"We played well here. The last time we were in Cleveland, we came away getting swept. This time, we were able to get the sweep. We're playing better, obviously, pitching better. Pitching is always the key. I'm not making declarations about anything starting or finishing."
His players were saying much the same.
"I guess you could say the wheels are back on. Is that proper?" Ian Kinsler asked aloud. "No, we're coming in trying to prepare every day, trying to play hard every day. It's a good club over there. They're going to give us their best effort. We came in, got some solid pitching, we won a couple close ballgames, and today we were able to swing the bats a little better."

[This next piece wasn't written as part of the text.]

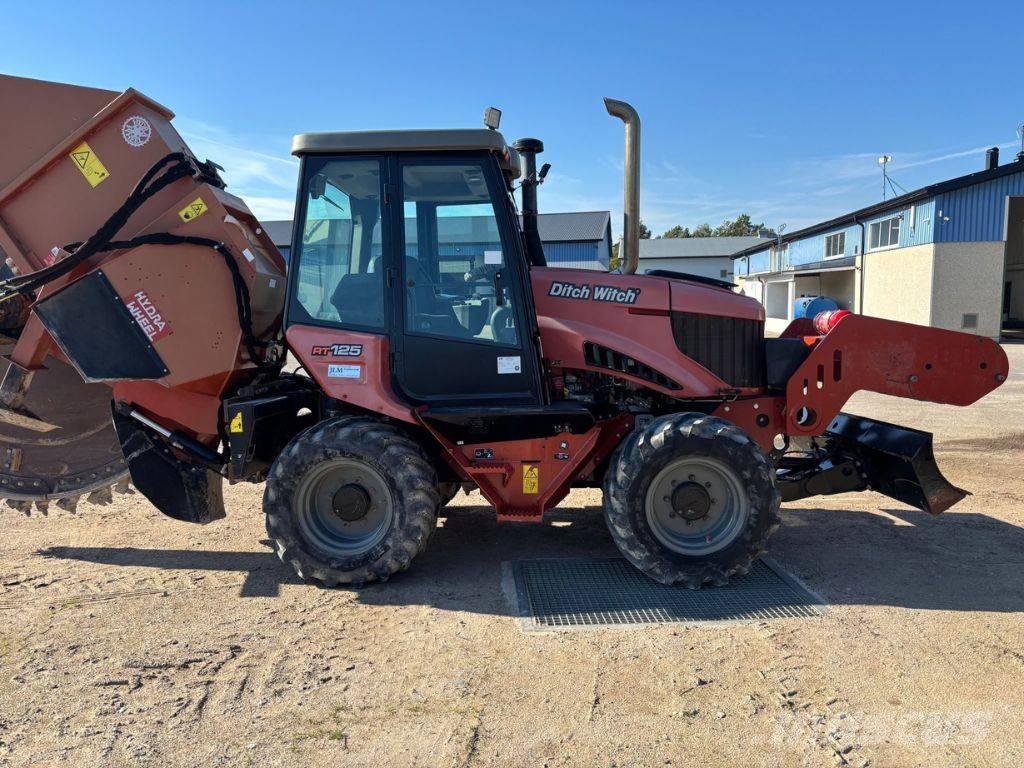 Ditch Witch RT125 TLB's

Make of it what you will, but there were no Zubaz in sight in the visiting clubhouse, just business suits and sportcoats. The Tigers were loose, but rather subdued.
They left with a working plane and exactly the result many expected of them when they came to town in May with a six-game winning streak and 10 consecutive wins on the road.
The Indians swept Detroit out of town in that series, starting the Tigers on a month-long skid that dropped them out of the lead in the American League Central. They returned to Cleveland as a second-place team, having lost three of four to the Royals and 20 of 30 overall.
Once again, the momentum changed. It wasn't always pretty -- especially in the late innings with a shortened bullpen. But the end result was effective. Combine it with a Royals sweep at the hands of the Mariners, and the Tigers took off for Texas with a 2 1/2-game lead over Kansas City -- a bigger gap atop the AL Central than they had when the week began. The Indians held onto third place, now five games back, because the White Sox were swept, as well.
Only the Oakland A's, who come to Detroit in a week for the Tigers' next homestand, have a better record among AL teams.
"I just don't get caught up in when a slump starts or when a streak started," said Max Scherzer (9-3), who had his own rebound on Sunday with six innings of one-run ball, after giving up 10 runs to the Royals on Tuesday.
"Guess what? It's 162 games. We're going to play great, and we're going to play bad. The world doesn't end when we play bad baseball. We didn't play well for 20-25 games. That just happens."
They didn't dominate play over three straight wins, holding on late and overcoming bullpen attrition. Sunday was the day they looked like an overwhelming foe -- some of it from Cleveland mistakes, some of it from Detroit's strengths.
After close wins the previous two nights -- and six games decided by two runs or fewer out of seven meetings this season -- Sunday's game wasn't close. Hours after providing the go-ahead hit in the 10th inning on Saturday night, Miguel Cabrera put Detroit on top three batters into Sunday's game with a line drive that cleared the fence in right-center field.
Cabrera's ground-ball single through the left side in the third inning extended the lead to 2-0. They had Indians starter Josh Tomlin struggling, but weren't putting him away.
A seven-run fifth inning took care of that.
"It seems like we've gone a little bit of a stretch without a big hit to kind of bust a game open," Ausmus said.
The hit didn't come from Cabrera, though his ground ball to the right side yielded no outs because Asdrubal Cabrera dropped the forceout throw at second base. Nor did it come from Victor Martinez, whose line drive to center was dropped by Michael Bourn for an error to load the bases.
With Tomlin reeling and Cleveland's defense faltering, the rest of the Tigers' lineup pounced. J.D. Martinez and Nick Castellanos cleared the bases with back-to-back two-run doubles to the center-field fence. Andrew Romine and Kinsler added RBI singles.
"If you give them extra opportunities, there's a decent chance you'll pay for it," Indians manager Terry Francona said.
Once Alex Avila sent a two-out double over Bourn's head to score Castellanos in the seventh, the Tigers were in double digits on the road for the first time since May 21, the getaway game from their last series in Cleveland. That was the game the Indians won on an Al Alburquerque walk-off balk in the 13th inning.